Right now, with so many people needing to work from home much more, and many of them realizing that it works well for them, offering an outstanding work-life balance and making them more productive, as well as meaning they don’t have to worry about a long commute (thus saving time and money), the home office has reached a pinnacle.
It might have felt strange at first, especially if you were used to being around other people and working in a team, but gradually, as time has gone on, the idea of working from home has become a popular one, as well as one that has made a lot of sense of the past few months.
There are, of course, some problems with remote working. One of these is that the home office people are choosing to use isn’t quite right. It might not be an office to begin with, but instead is just a corner of a room or a room that other people can use (perhaps a dining area or bedroom). Unless your home office is perfect, set up exactly the way you want it, your productivity and comfort levels aren’t going to be high. Here are some important things to think about when you are creating your home office so that it really is perfect, and you can work happily and safely from home.
When you are designing your perfect home office, you need to think about comfort. If you’re not comfortable, you’re not going to be able to work for extended periods (even with breaks, which are all-important), and you might find yourself losing focus. This is where ergonomics are going to be crucial to get right.
Ergonomics means using furniture that has been designed with the human body in mind and essentially ensuring that the piece of equipment – in this case, a chair or desk – can be used safely. This will mean checking that the body is supported where it needs to be and that the desk and chair combine well, not allowing one or the other to be too tall or too short, thus creating potential discomfort and even joint or muscle pain for the user.
When you buy your office furniture, spend as much as your budget will allow for, and always check it is ergonomically designed. It might be convenient – and cheaper – to work in bed or at the kitchen table, but you will damage yourself, and your work will suffer.
One element of creating the perfect home office that is often overlooked because it merely doesn’t occur to many people is natural light. You will need this in your home office if you want it to be perfect since getting a good dose of natural light (i.e., sunlight) during the day will increase your energy levels and reduce stress and strain. For prolonged periods of work, having a window or skylight that lets in the natural light will help much more than if you have no windows or you keep your curtains drawn so you’re not distracted by the outside world. Although the view can sometimes be distracting, you are much more likely to work well when there is natural light coming into your room, so it has to be a compromise at this point.
When you know where the natural light is coming in, you can work out the ideal spot to place your desk so you can make the most of this. It might mean your desk has to be in the middle of the room, or at an angle, rather than pushed up against a wall as you might have wanted, but it is better to follow the light where you can.

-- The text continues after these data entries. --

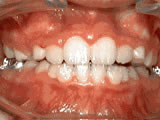 Phase 1 after treatment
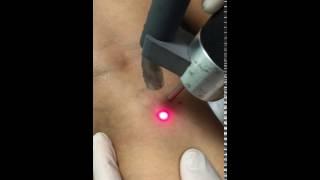 Leg Vein Laser by Dr. Taj Khan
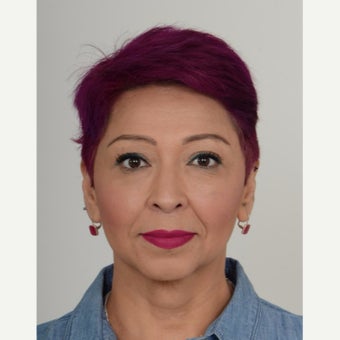 45-54 year old woman treated with Injectable Filler, Teosyal after 2561054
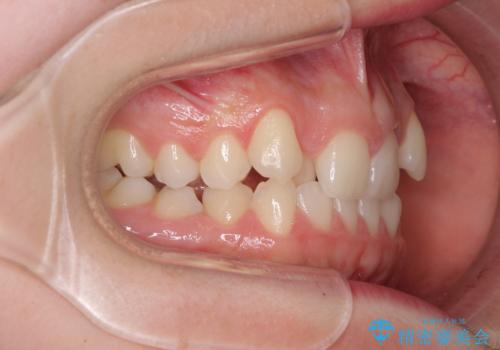 目立つ八重歯を目立たない装置で　ハーフリンガルによる抜歯矯正の治療前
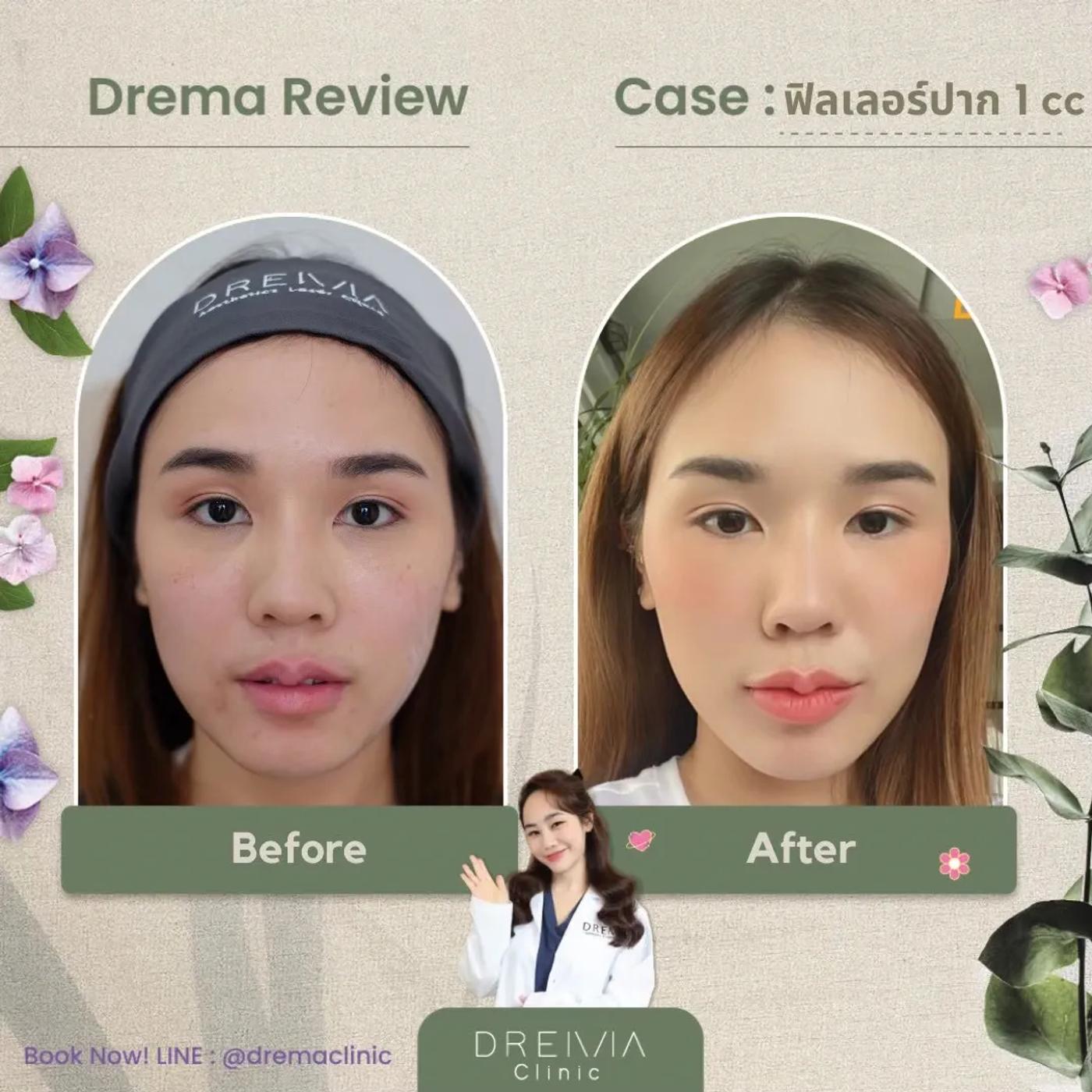 รีวิว Filler ปาก 23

If you cannot use a room that has much (or any) natural light coming into it because you simply don’t have the space, you can use mirrors, paint the walls a bright white, or even use lightbulbs that mimic natural sunlight. If none of these measures are possible, you should try to get outside a few times a day to breathe in the fresh air and get some natural light. Do what you can, as your home office is somewhere you will be spending many hours during the day, and it has to be as comfortable as possible.
Storage is just as crucial as anything else when designing the perfect home office for your job. The neater and tidier your desk and the space around it are, the more productive you can be. Even if you don’t think you mind the mess, it will still be distracting if you have a lot of clutter around you. You might do your work in a hurry so you can get away from the uncomfortable room, or it might take you longer because you can’t sit still and concentrate.
Storage can be the answer here. The more storage you have, the less cluttered your desk will be, and the better you should be able to work. Having a suitable desk with plenty of drawer space should be high on your list of priorities, but you can also put up shelving or use filing cabinets to store paperwork if need be. If possible, try to reduce the number of documents you need to print and use the cloud instead, since this will minimise waste and save you space.
Keep It Quiet
Finally, once you have the room looking its best and designed in a way that will make you most comfortable, you need to consider how quiet the space might be. If it is in a loud area of the house, a place where lots of other people spend their time, you might find you can’t work very well at all. High traffic areas like hallways or a kitchen are not great places to work in.
Ideally, a spare room that isn’t used for anything else would make the best home office. You can shut the door at the end of the day and leave your work until the morning, giving you an excellent work-life balance as well as a quiet place to be productive.
If you don’t have this, or you share the house with others, you might even consider building an outside office. If you’re going to be working from home for the foreseeable future, this kind of outlay will be a good investment.